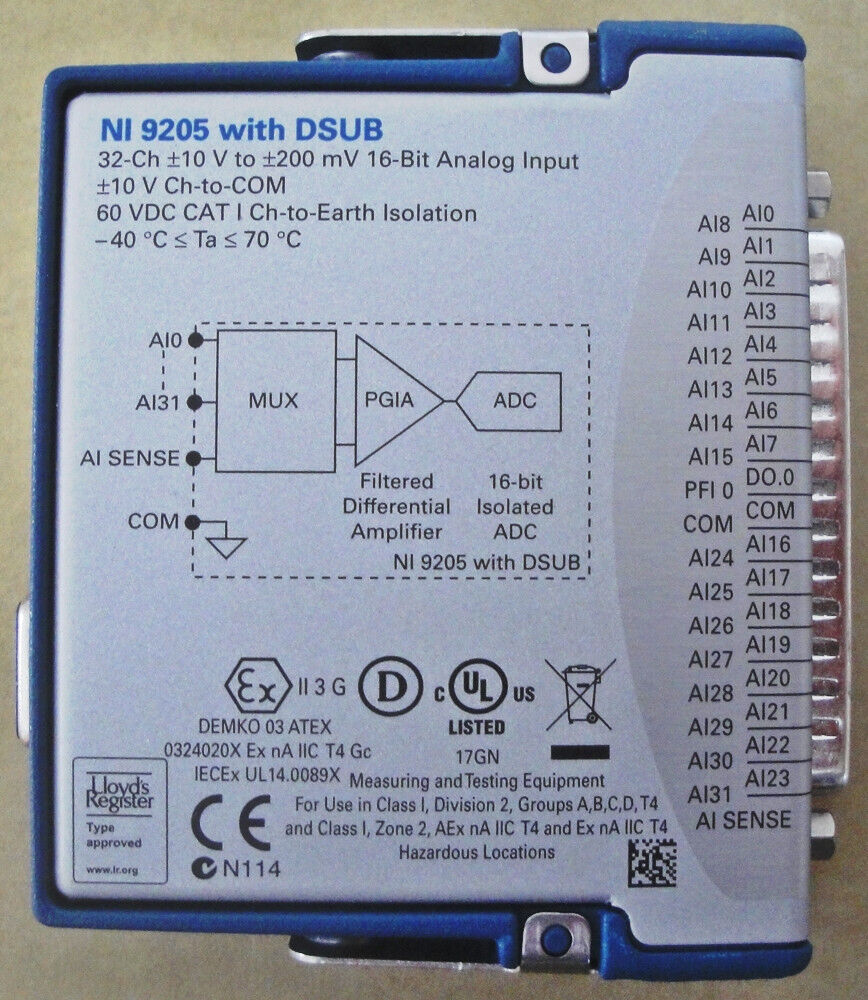 National Instruments C Series Voltage Input Module DSUB Pinout NI 9205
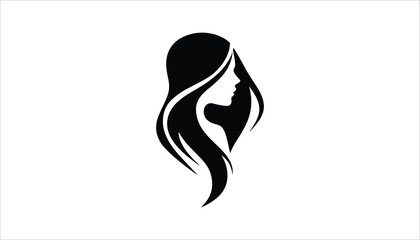 Female Silhouette with Long Flowing Hair - Beauty Icon.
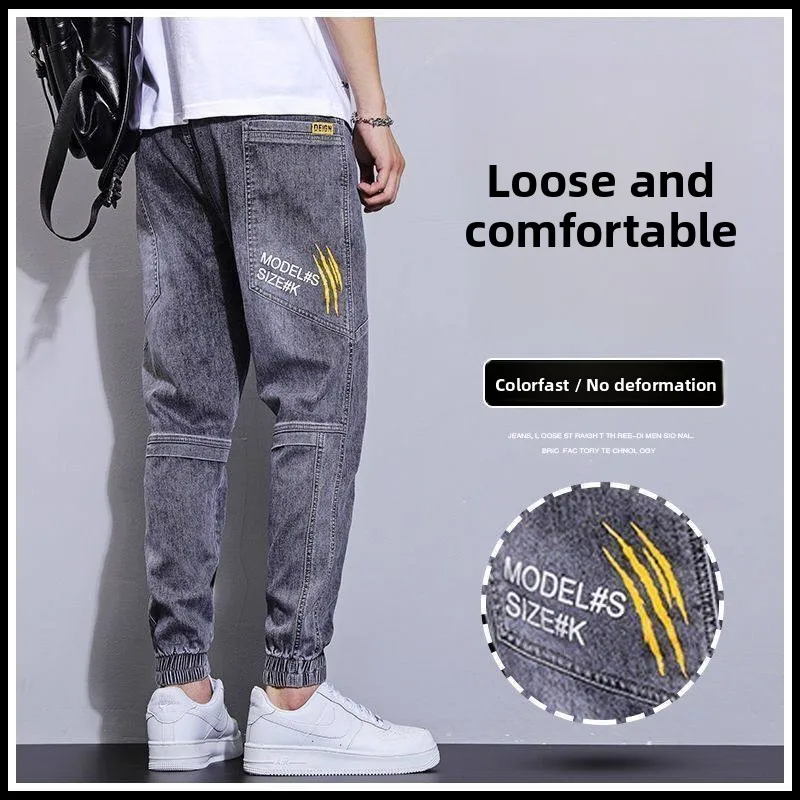 

Spring Thin Men's Loose Harem Jeans Korean Sle Trousers Casual Cotton Polyester Blend Non-Stretch Water Waed Jeans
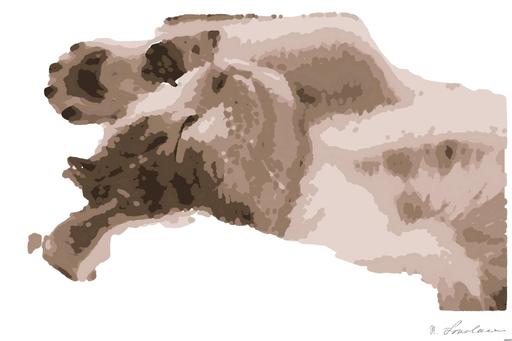 Drawn by bot ZV7aHnPE498PvHMQ7XfmjK; art-bloby; A close-up shot of a cute kitten sleeping peacefully on a soft surface. AI art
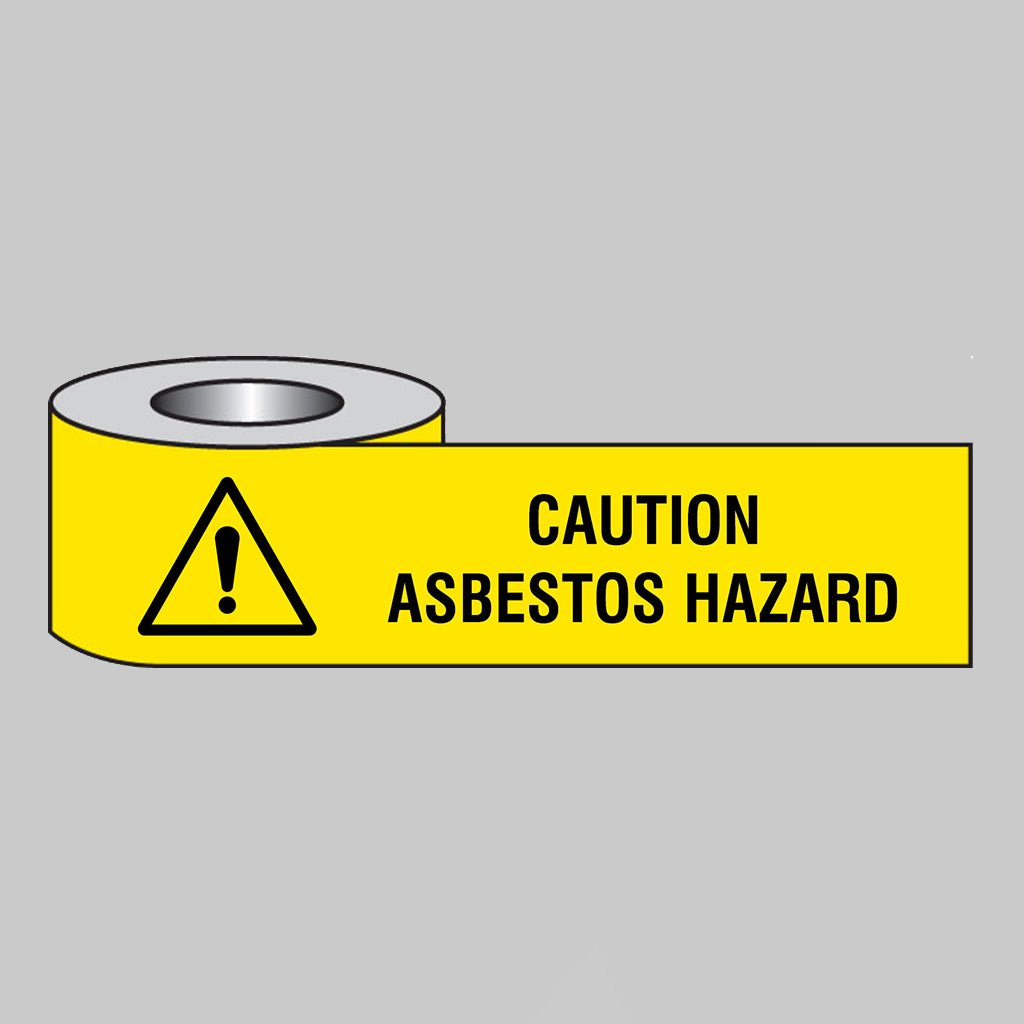 Caution Asbestos Hazard Barrier Tape 250m X 75mm Non-Adhesive Polythene - Ready Set SuppliedCaution Asbestos Hazard Barrier Tape 250m X 75mm Non-Adhesive Polythene58607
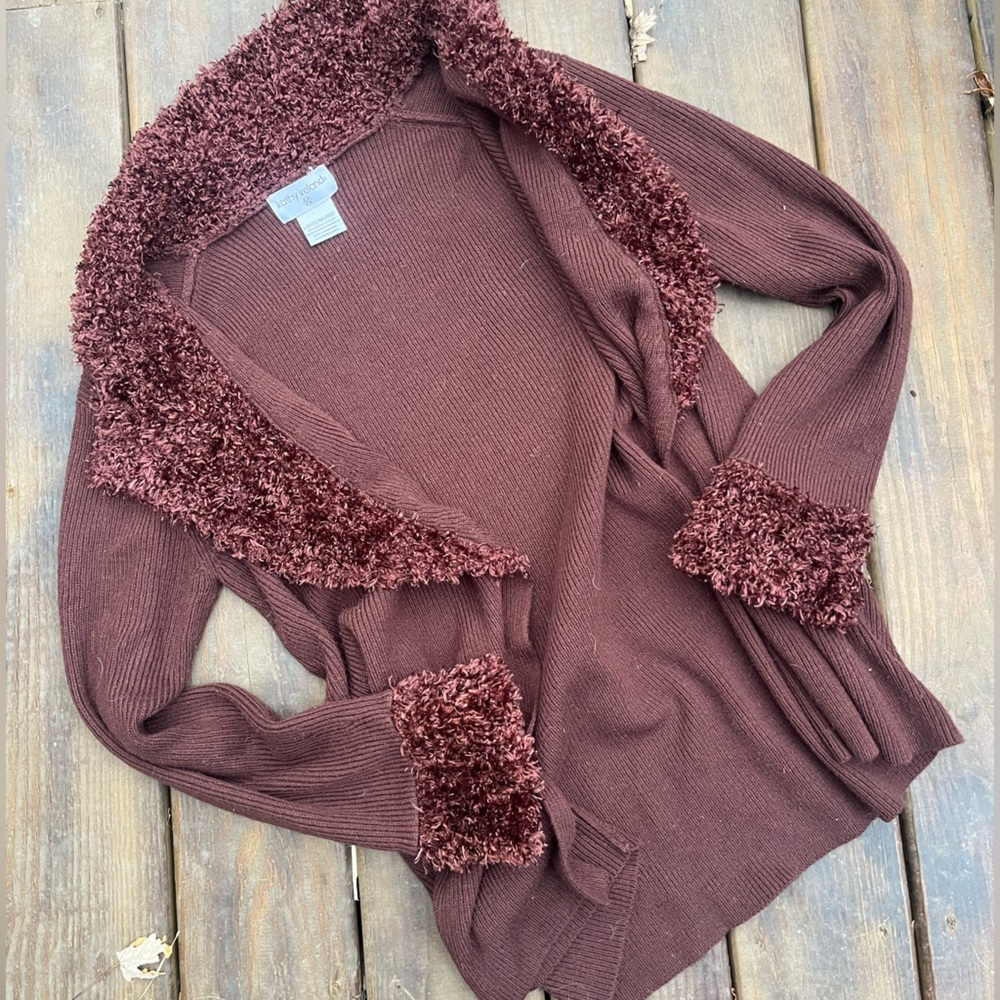 Penny lane style fur trim cardigan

__What you need to do__
Please restate the data word for word, leaving out any picture it holds.

__Written response__
 National Instruments C Series Voltage Input Module DSUB Pinout NI 9205
 Female Silhouette with Long Flowing Hair - Beauty Icon.

Spring Thin Men's Loose Harem Jeans Korean Sle Trousers Casual Cotton Polyester Blend Non-Stretch Water Waed Jeans
 Drawn by bot ZV7aHnPE498PvHMQ7XfmjK; art-bloby; A close-up shot of a cute kitten sleeping peacefully on a soft surface. AI art
 Caution Asbestos Hazard Barrier Tape 250m X 75mm Non-Adhesive Polythene - Ready Set SuppliedCaution Asbestos Hazard Barrier Tape 250m X 75mm Non-Adhesive Polythene58607
 Penny lane style fur trim cardigan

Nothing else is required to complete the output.